(RECORD SET)
=====

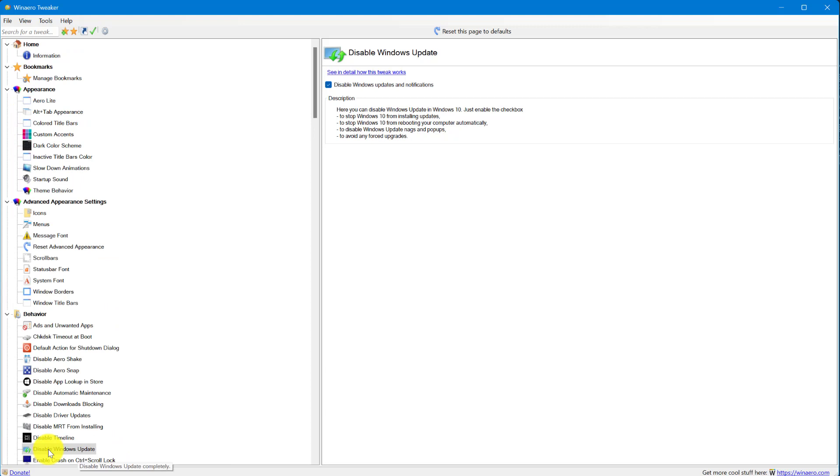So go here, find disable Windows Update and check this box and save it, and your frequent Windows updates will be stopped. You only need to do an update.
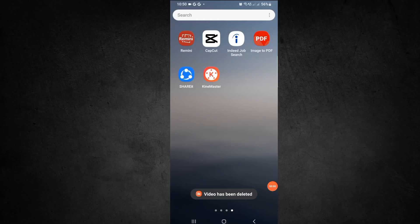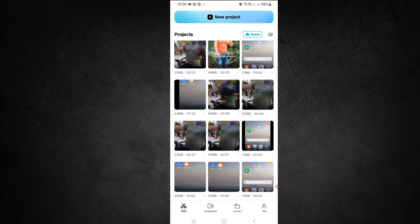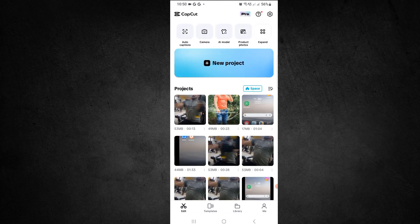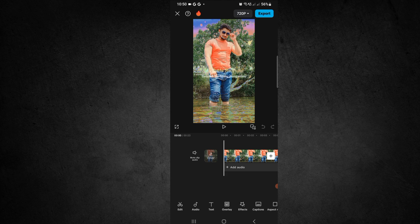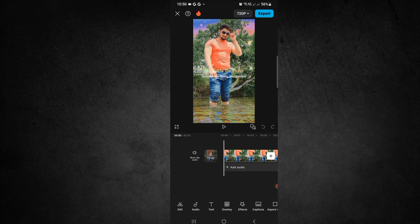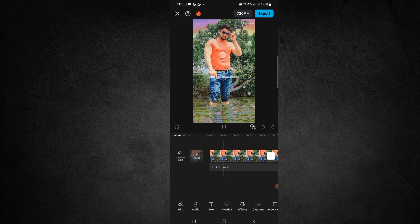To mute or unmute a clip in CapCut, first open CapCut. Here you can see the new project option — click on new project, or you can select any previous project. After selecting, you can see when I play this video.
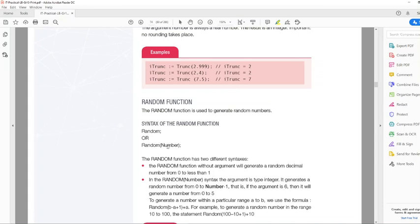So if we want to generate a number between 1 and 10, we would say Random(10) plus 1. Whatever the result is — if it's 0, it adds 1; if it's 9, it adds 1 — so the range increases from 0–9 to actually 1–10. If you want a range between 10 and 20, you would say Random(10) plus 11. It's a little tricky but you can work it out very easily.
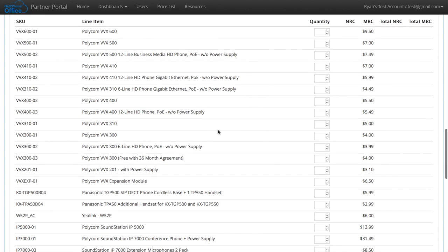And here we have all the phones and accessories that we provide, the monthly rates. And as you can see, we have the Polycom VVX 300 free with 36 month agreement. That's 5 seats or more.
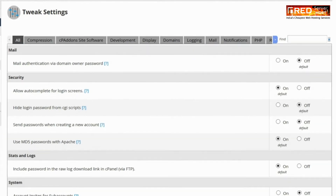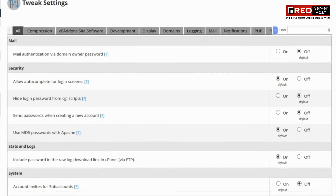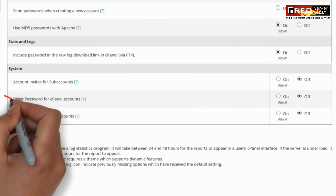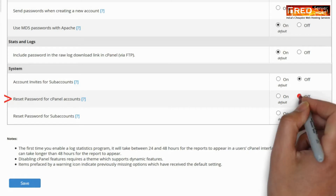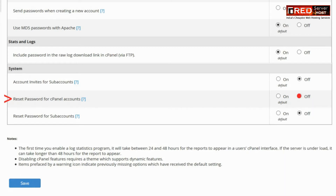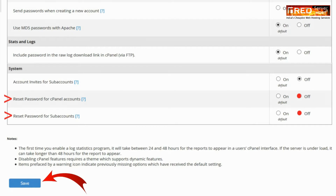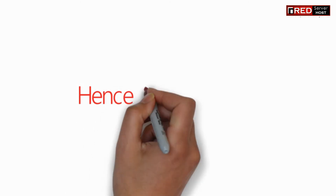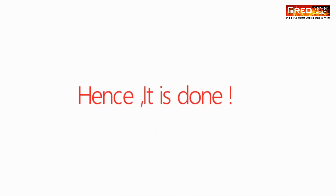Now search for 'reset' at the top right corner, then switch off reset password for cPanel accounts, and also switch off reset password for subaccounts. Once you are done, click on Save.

=====

(EXERCISE DIRECTIONS)
The reply should consist only of the lines from the top of the material above through the line with "To mute or unmute", printed exactly, pictures omitted.

(EXERCISE SOLUTION)
So go here, find disable Windows Update and check this box and save it, and your frequent Windows updates will be stopped. You only need to do an update.
To mute or unmute a clip in CapCut, first open CapCut. Here you can see the new project option — click on new project, or you can select any previous project. After selecting, you can see when I play this video.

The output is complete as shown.